Input data

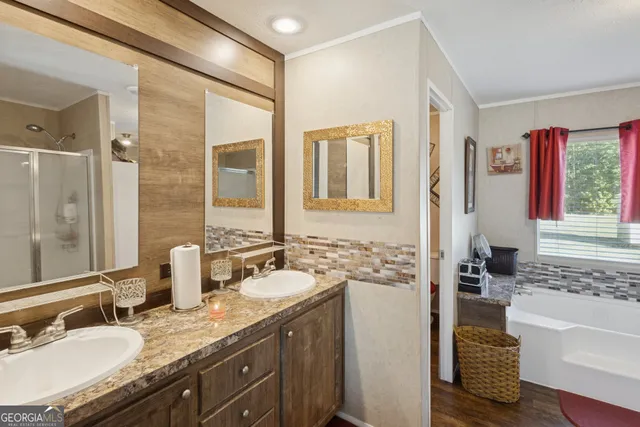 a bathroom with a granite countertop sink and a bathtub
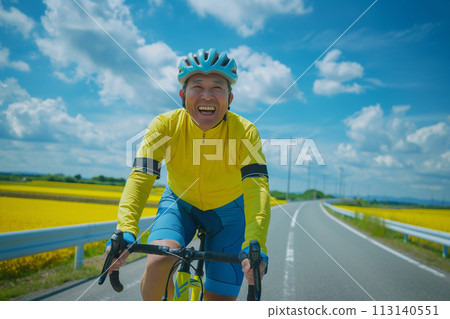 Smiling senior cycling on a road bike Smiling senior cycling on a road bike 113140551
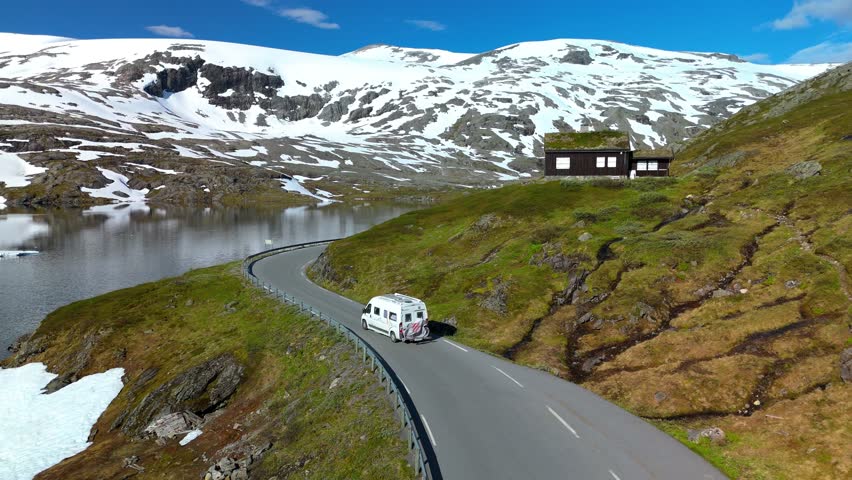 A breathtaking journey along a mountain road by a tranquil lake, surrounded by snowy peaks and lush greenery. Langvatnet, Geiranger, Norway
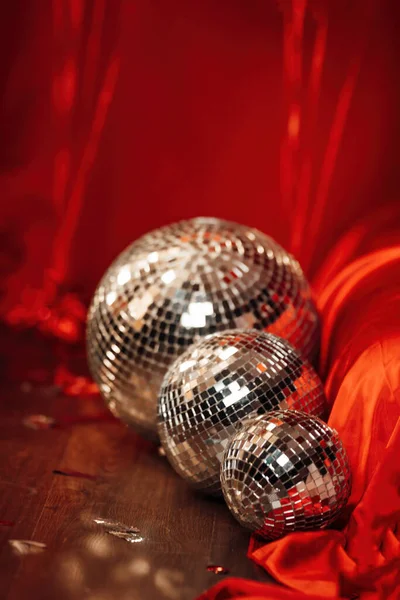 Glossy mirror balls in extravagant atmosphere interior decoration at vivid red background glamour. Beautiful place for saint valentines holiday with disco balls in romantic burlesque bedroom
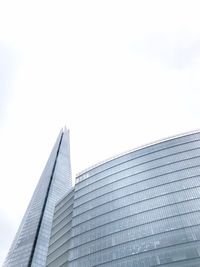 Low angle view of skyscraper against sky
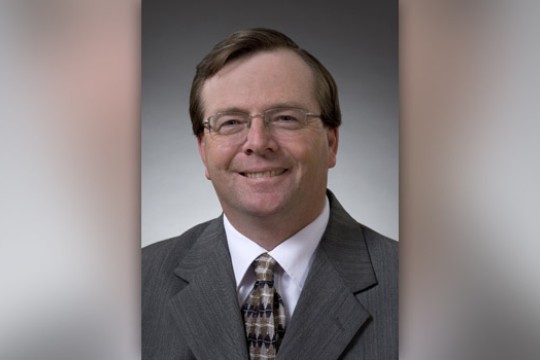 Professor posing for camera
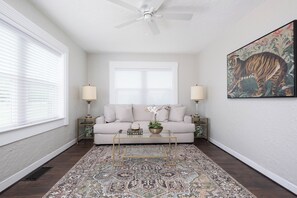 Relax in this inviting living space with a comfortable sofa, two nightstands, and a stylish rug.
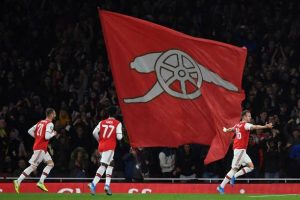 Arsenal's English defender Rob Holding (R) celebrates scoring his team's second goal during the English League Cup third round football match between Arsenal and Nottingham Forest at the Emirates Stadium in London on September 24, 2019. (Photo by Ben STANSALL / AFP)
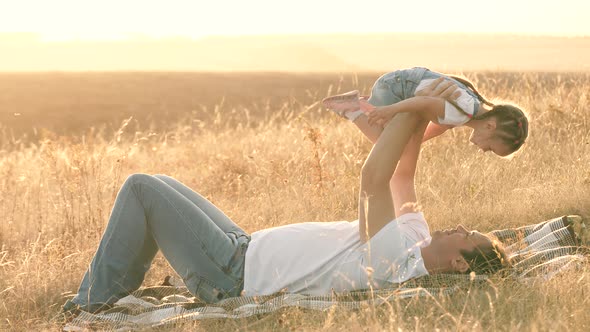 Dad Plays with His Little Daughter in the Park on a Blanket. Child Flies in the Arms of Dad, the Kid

Task details
Above are the records. Copy exactly, and only, the lines from the line containing "Professor posing for camera" through the last one, omitting any pictures.

Solved problem
 Professor posing for camera
 Relax in this inviting living space with a comfortable sofa, two nightstands, and a stylish rug.
 Arsenal's English defender Rob Holding (R) celebrates scoring his team's second goal during the English League Cup third round football match between Arsenal and Nottingham Forest at the Emirates Stadium in London on September 24, 2019. (Photo by Ben STANSALL / AFP)
 Dad Plays with His Little Daughter in the Park on a Blanket. Child Flies in the Arms of Dad, the Kid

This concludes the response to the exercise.